State prosecutors on Sunday filed an indictment against four defendants accused of repeatedly trying to smuggle prohibited goods from Israel into the Gaza Strip during the war. The new case adds to a widening cluster of wartime Gaza-smuggling prosecutions that Israeli authorities say funneled high-value goods toward Hamas-controlled territory for enormous profit.
According to the indictment, the four defendants – Ayman Danaf, Muhammad Ghrifat, Omar Ghrifat, and Ali Ghrifat – operated in an organized, repeated pattern to move trucks loaded with prohibited goods into Gaza outside the authorized inspection and transfer mechanism.
Prosecutors alleged the goods included cigarettes, tobacco, cellphones, solar panels, batteries, generators, computers, spotlights, electric bicycles, and other products, and said the defendants stood to make millions of shekels per truck.
Prosecutors also accused the defendants, each according to his alleged role, of attempted assistance to the enemy during wartime, attempted prohibited dealings in property for terror purposes, and attempted aggravated fraud.
The indictment says they acted for financial gain while aware of the possibility that the goods would reach Hamas operatives and that this would, to a near certainty, strengthen the enemy economically during the war.
Prosecutors told the court that some of the alleged attempts were foiled when trucks were seized at or near the crossings, but argued that this did not deter the defendants, who allegedly kept trying to move banned goods into Gaza.
The state further said it has strong evidence, including confessions by three of the defendants, testimony from other witnesses, such as truck drivers and crossing personnel, and truck seizures conducted by security and customs officials.
Details of the indictment
The indictment describes several separate episodes.
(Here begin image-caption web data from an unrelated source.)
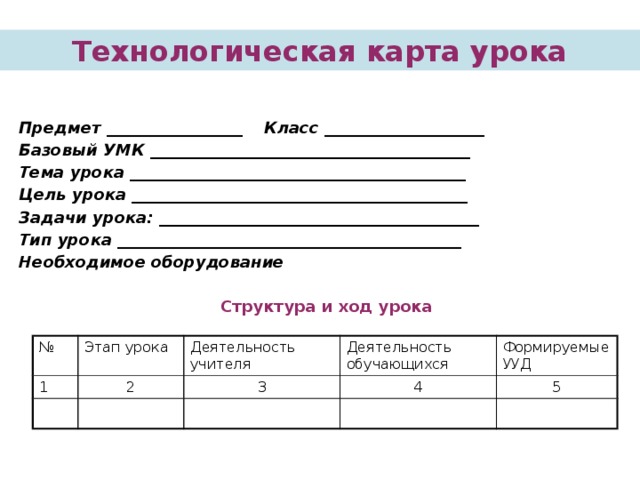 Проект урока математики в 1 классе по ФГОС НОО Тема: "Решение задач в одно дейст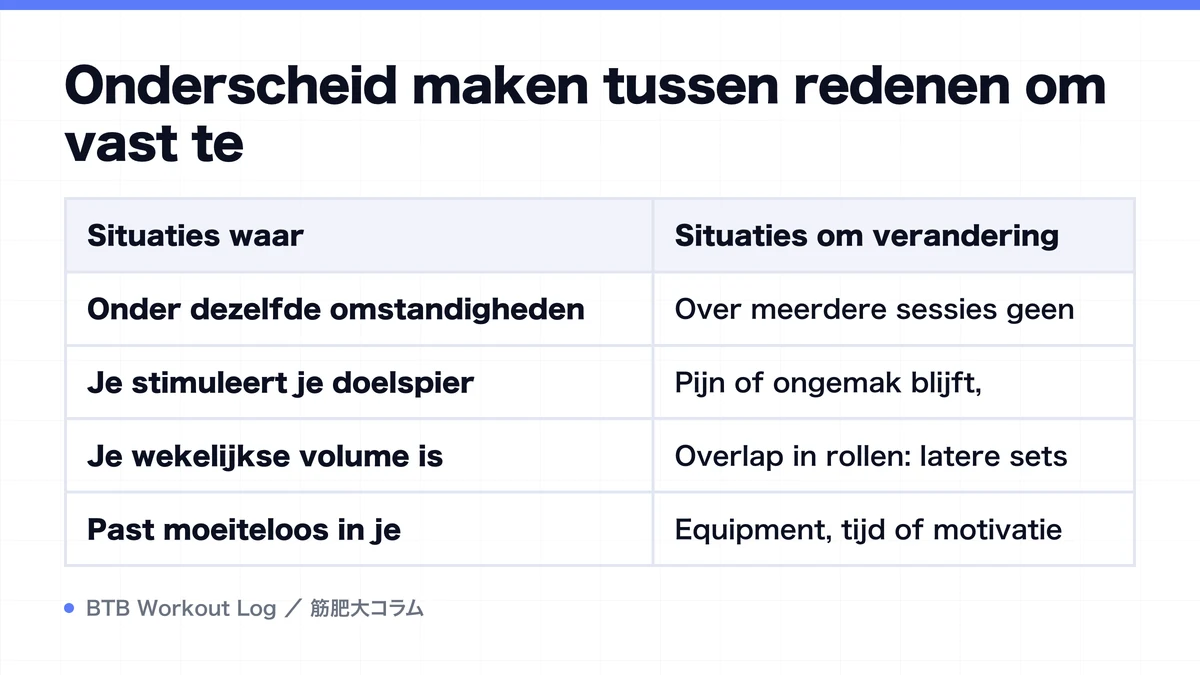 Diagram: Onderscheid maken tussen redenen om vast te
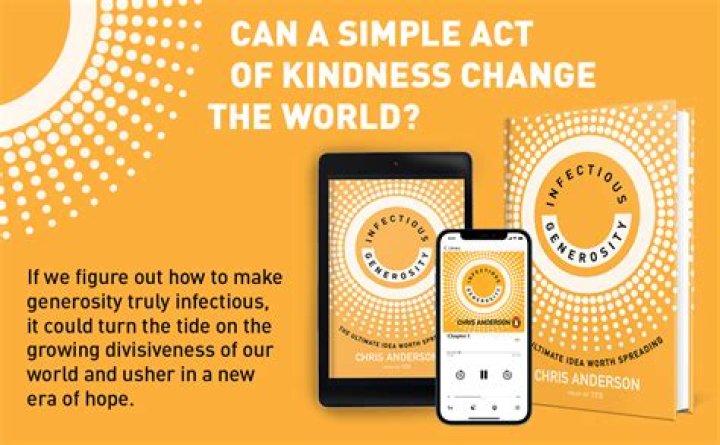 Agmaal Gives: The Ultimate Guide to Spreading Kindness and Generosity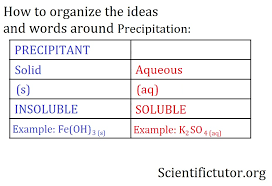 chem precipitation rules solubility table scientific tutor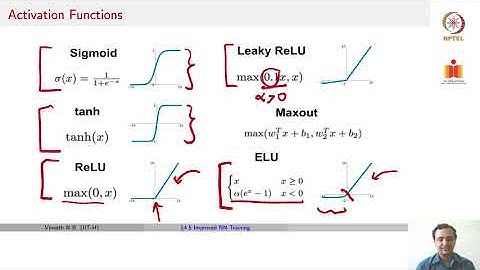 Improving Training of Neural Networks - Part 1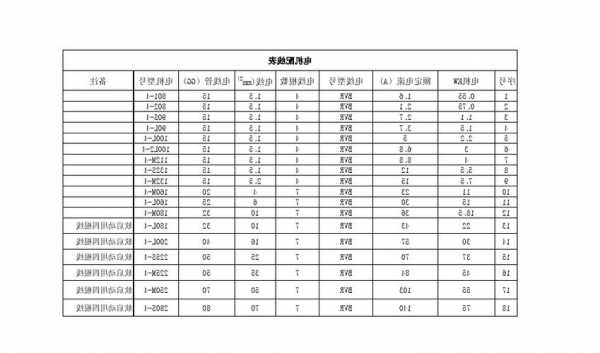 电梯马达用的什么电线型号，电梯马达用的什么电线型号！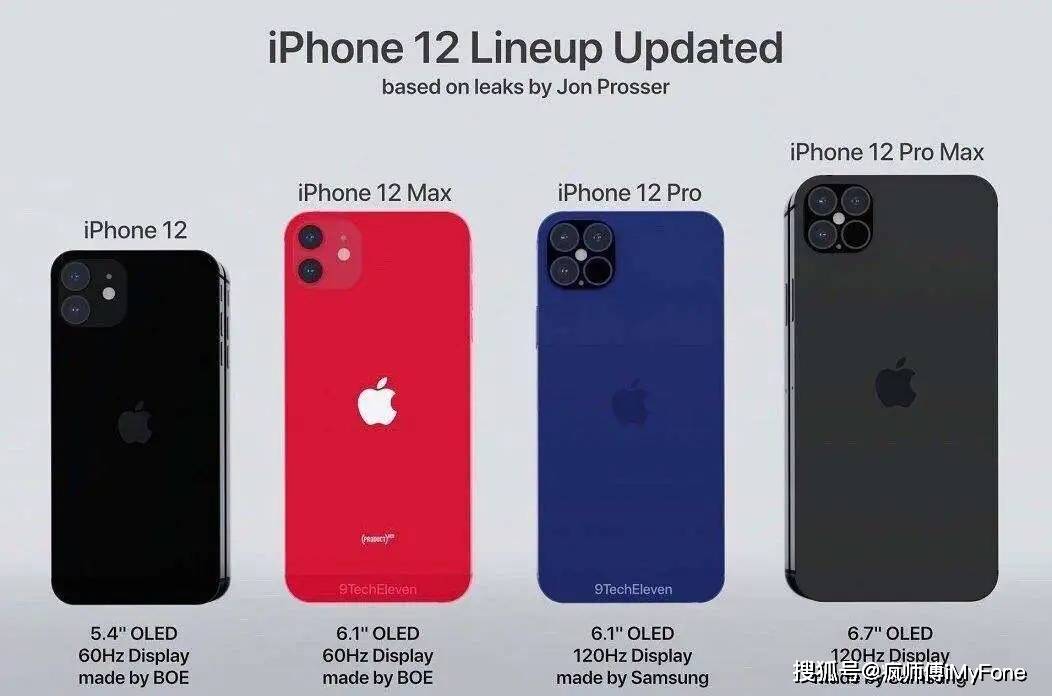 定了！iPhone12的5款机型长这样
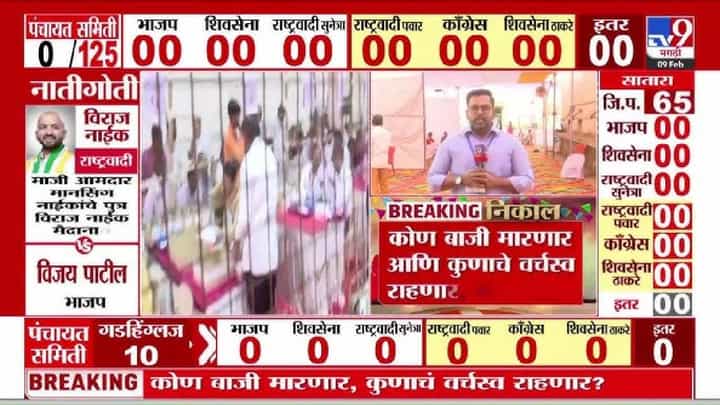 Zilla Parishad Election Result 2026 | सोलापूर जिल्हा परिषद निवडणुकीत भाजपची स्वबळावर लढत; निकालाकडे लक्ष Zilla Parishad Election Result 2026 | सोलापूर जिल्हा परिषद निवडणुकीत भाजपची स्वबळावर लढत; निकालाकडे लक्ष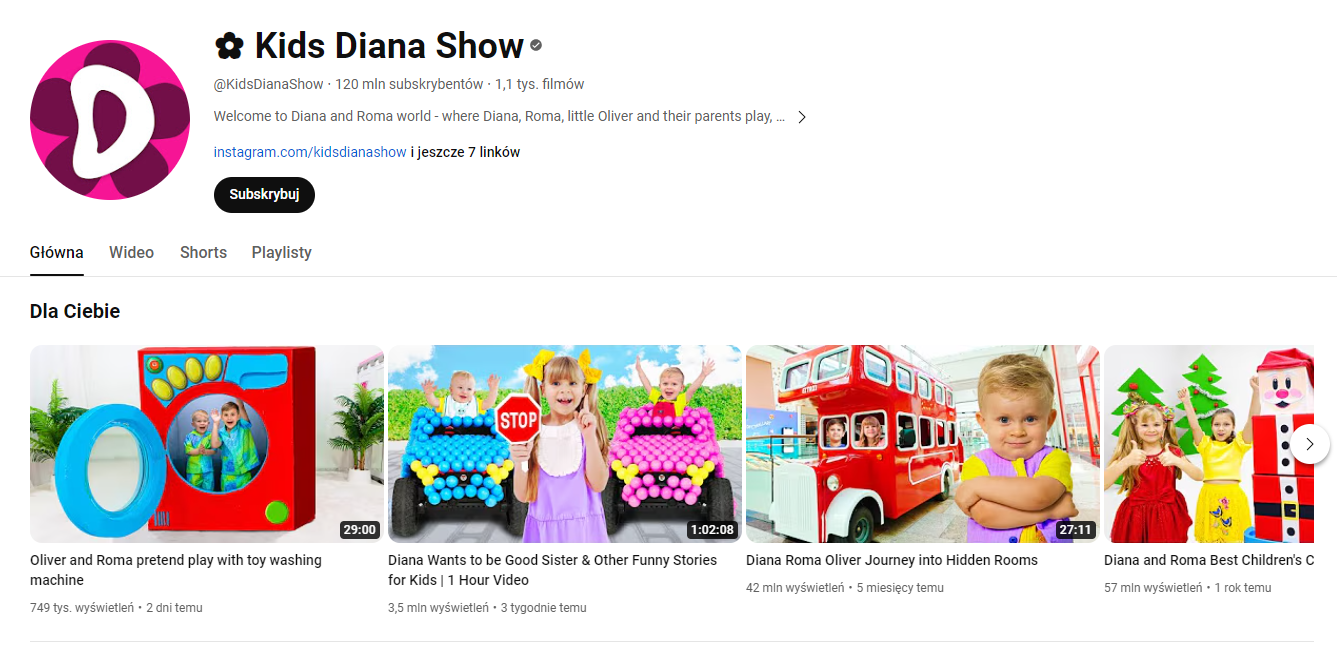Kanał Kids Diana Show.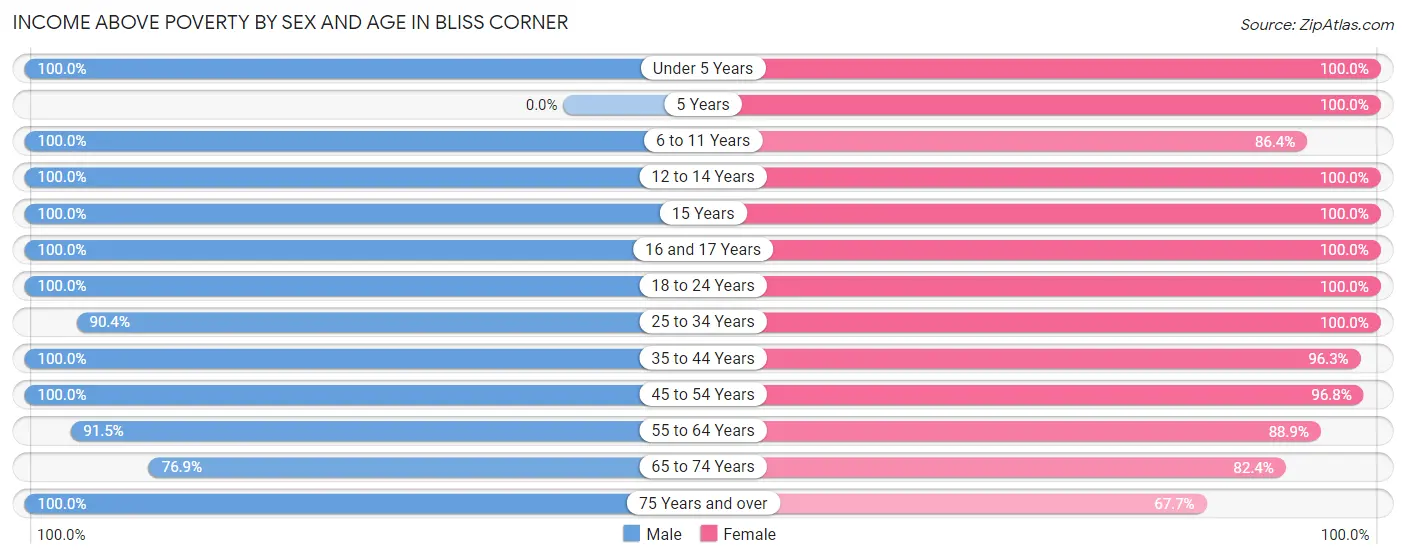 Income Above Poverty by Sex and Age in Bliss Corner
In one alleged August 2025 attempt, prosecutors say one defendant organized two trucks carrying large quantities of cigarettes, tobacco, and related products and even paid an advance to men presented to him as military personnel who were supposedly meant to get the trucks through unchecked; the operation was ultimately thwarted.
In another, prosecutors say thousands of cellphones, millions of cigarettes, hundreds of kilograms of tobacco, batteries, solar equipment, and vehicle-related items were loaded onto two trucks that were later seized near the Kissufim Crossing. A further January 2026 episode involved three trucks carrying cigarettes, generators, batteries, electric vehicles, gas systems, mobile phones, SIM cards, and other equipment, again allegedly intended for Gaza.
The case also contains a financial crime layer. Prosecutors alleged that some defendants derived substantial illegal profits from broader smuggling activity during 2025, failed to report their income to tax authorities, and used the proceeds, leading to additional charges of money laundering and tax-related deceit.
The indictment says one defendant allegedly profited NIS 500,000, another NIS 1.5 million, and a third $1,000.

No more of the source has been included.